My workplan will be:  
- Editing scripts / version-controlled-scripts  
- Run python instance from data folder  
- Add the scripts folder to the current system path so that I can import scripts to my current session of python

In [9]:
import sys
import os

# Access files beyond your working directory
Wherever you are running your current instance of python. Can change it using the `os` module.

If I want to access files outside of the current working directory, I can:

1. Use relative paths. By default it creates paths relative to the current working directory. I must always launch Python from within the same directory.
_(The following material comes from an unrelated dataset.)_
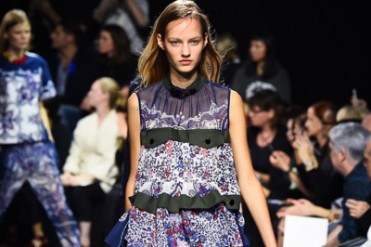 sacai 2015年春夏コレクション - ミリタリーに華を添えて魅せるハイブリッド・エレガンス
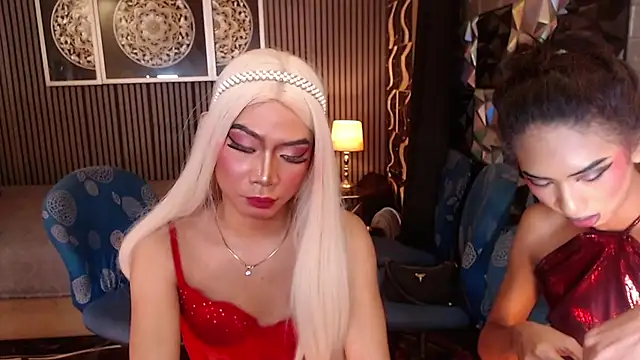 AudreyMilesTrans webcam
This would work well if I have the same folder structure on different computers so the absolute paths differ but the relative paths are the same.
2. Or I can change the working directory during the data analysis. That can get messy because I have to keep track of what directory I am in.
3. A third and more stable option is to use the full path for any file in another directory I am trying to access. This makes the code successful regardless of what the working directory is. However, it may present problems later if I move my documents from one computer to another or from one parent directory to another.

Let's try each of these.

First, what is the current working directory?

In [48]:
# (Make sure to use import os above)
os.getcwd()

'C:\\Users\\pfsch\\Box Sync\\tutorial\\python\\2017_01_28_python_access_other_folders'

In [49]:
# Store this to a variable
starting_path = os.getcwd()

In [14]:
# What files are in my current directory?
os.listdir(os.getcwd())

['.ipynb_checkpoints', 'python_access_other_folders.ipynb']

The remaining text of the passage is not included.